Upper Saddle River, N.J. - May 2004 - The role of the Compensation Committee or Personnel Committee, as it is sometimes referred to, has always been an important part of every Board of Directors. Much of the furor about executive compensation has focused on the decision-making of Boards of public companies. The fall-out has also impacted Not-for-Profits (NFP) as well.
NFP Boards and their key operating committees are typically comprised of qualified, highly motivated individuals, who are dedicated to providing their time and energies to what they deem to be a worthwhile cause. The Compensation and Personnel Committees of those Boards are generally empowered with the responsibility of ensuring that the organization’s pay and benefits are consistent with its business goals, culture, mission and financial capabilities, while maximizing the use of monetary resources to provide competitive and motivating programs.
Due to the highly publicized attention caused by a small group of NFPs in which unethical, and sometimes illegal practices and lapses of proper governance have taken place, NFP Boards and their Compensation Committees are being subjected to much greater scrutiny, criticism, and, in some cases, legal action.

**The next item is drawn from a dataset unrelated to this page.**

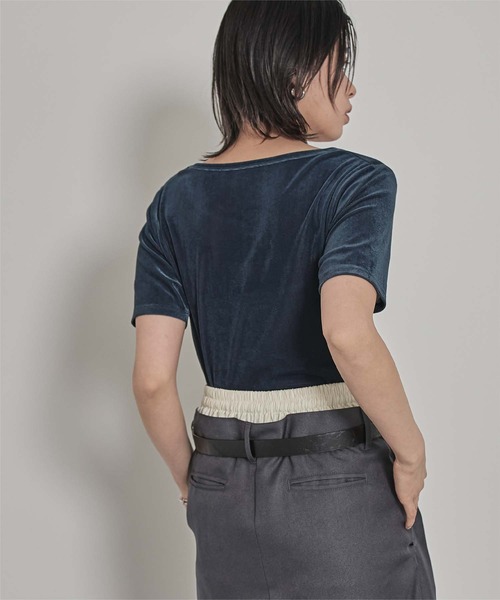 miette(ミエット)の「ビスチェデザインシアーベロア半袖トップス(Tシャツ/カットソー・レディース・ブルー/アイボリー/ブラウン・FREE)」の21枚目の写真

The result has been that, during the last few years, stringent rules and regulations have been levied on the Board’s activities pertaining to compensation matters. Internal Revenue Code §4958, also known as the Intermediate Sanctions Act, addresses the level of independence of Board members and establishes guidelines relative to the amount of compensation that can be paid to an executive, as well as requiring transparency in the decision-making process. Similarly, there appears to be a pronounced increase by States to audit the activities of NFPs, and to question compensation arrangements, using the courts and various regulatory funding and grant approval methods to “correct” pay-related issues they warrant as not meeting their standards.
It has also been strongly suggested that the Sarbanes Oxley Act, which was enacted by Congress to place major regulatory requirements on publicly-traded companies, be expanded to cover NFPs. This would have a serious impact on the way Boards currently operate. In the wake of a decision on inclusion of NFPs under the Sarbanes Oxley Act, many NFPs are doing the legwork to move toward compliance, in order to avoid being targeted by regulatory agencies in the future.
In taking the necessary steps to develop and/or review a compensation program, organizations are advised to lay the groundwork for establishing a competitive compensation package for their executives by collecting data from comparable organizations and reviewing the “best practices” within their industry. Knowing what the compensation trends are, contributes to allowing an organization to make well-informed decisions about pay issues. Using the research data as a basis, consideration should also be given to any unique attributes, education and/or experience the individual brings to the position. Board approval of compensation packages and any other compensation-related decisions should be memorialized by proper documentation. Many times, this is the key to a successful outcome of an investigation.
In taking the above steps to ensure competitive compensation levels are paid to executives within the confines of regulatory guidelines, organizations are also exhibiting a commitment to using their resources efficiently, with a view to securing executive talent which will contribute to the growth and development of the organization. The time and financial investment made by organizations to ensure competitive, reasonable, defensible compensation for their executives, may serve as a pillar upon which the future of their organizations rest.